Records from a data source:
<<<<
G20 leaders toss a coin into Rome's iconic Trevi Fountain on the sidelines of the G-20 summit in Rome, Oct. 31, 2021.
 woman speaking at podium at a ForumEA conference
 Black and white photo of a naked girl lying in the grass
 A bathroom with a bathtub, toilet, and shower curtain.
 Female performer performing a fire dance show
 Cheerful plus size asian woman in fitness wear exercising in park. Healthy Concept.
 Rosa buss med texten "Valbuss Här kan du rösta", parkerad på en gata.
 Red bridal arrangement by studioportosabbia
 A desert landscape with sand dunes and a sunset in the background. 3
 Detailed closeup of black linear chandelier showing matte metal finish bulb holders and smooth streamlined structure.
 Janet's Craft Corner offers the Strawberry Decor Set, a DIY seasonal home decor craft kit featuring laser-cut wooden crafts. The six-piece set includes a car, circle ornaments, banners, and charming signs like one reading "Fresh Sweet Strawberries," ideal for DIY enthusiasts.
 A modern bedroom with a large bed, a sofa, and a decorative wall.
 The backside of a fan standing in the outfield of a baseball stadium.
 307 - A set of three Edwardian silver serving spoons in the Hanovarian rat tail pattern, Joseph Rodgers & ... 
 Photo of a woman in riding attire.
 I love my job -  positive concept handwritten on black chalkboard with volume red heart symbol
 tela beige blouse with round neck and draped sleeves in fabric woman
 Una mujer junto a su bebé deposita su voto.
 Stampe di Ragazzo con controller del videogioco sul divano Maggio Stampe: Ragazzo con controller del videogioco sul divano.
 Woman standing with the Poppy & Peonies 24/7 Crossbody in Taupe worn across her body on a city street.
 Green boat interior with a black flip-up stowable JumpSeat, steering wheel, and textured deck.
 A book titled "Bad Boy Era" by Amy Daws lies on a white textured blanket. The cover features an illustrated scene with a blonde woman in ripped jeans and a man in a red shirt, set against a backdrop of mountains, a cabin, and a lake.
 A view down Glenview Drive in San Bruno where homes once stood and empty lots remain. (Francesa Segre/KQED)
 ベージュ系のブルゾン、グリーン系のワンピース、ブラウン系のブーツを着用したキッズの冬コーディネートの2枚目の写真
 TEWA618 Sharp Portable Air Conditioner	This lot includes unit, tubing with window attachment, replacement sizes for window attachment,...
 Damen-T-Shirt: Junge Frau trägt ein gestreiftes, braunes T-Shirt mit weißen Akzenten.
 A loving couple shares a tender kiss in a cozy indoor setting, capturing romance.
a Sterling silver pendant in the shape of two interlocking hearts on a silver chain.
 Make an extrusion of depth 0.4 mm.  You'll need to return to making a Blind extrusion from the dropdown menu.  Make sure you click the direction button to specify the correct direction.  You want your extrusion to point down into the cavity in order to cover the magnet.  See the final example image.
>>>>
List the lines of the entries that include "textured".

▶ RESULT FOR THIS EXERCISE:
 Green boat interior with a black flip-up stowable JumpSeat, steering wheel, and textured deck.
 A book titled "Bad Boy Era" by Amy Daws lies on a white textured blanket. The cover features an illustrated scene with a blonde woman in ripped jeans and a man in a red shirt, set against a backdrop of mountains, a cabin, and a lake.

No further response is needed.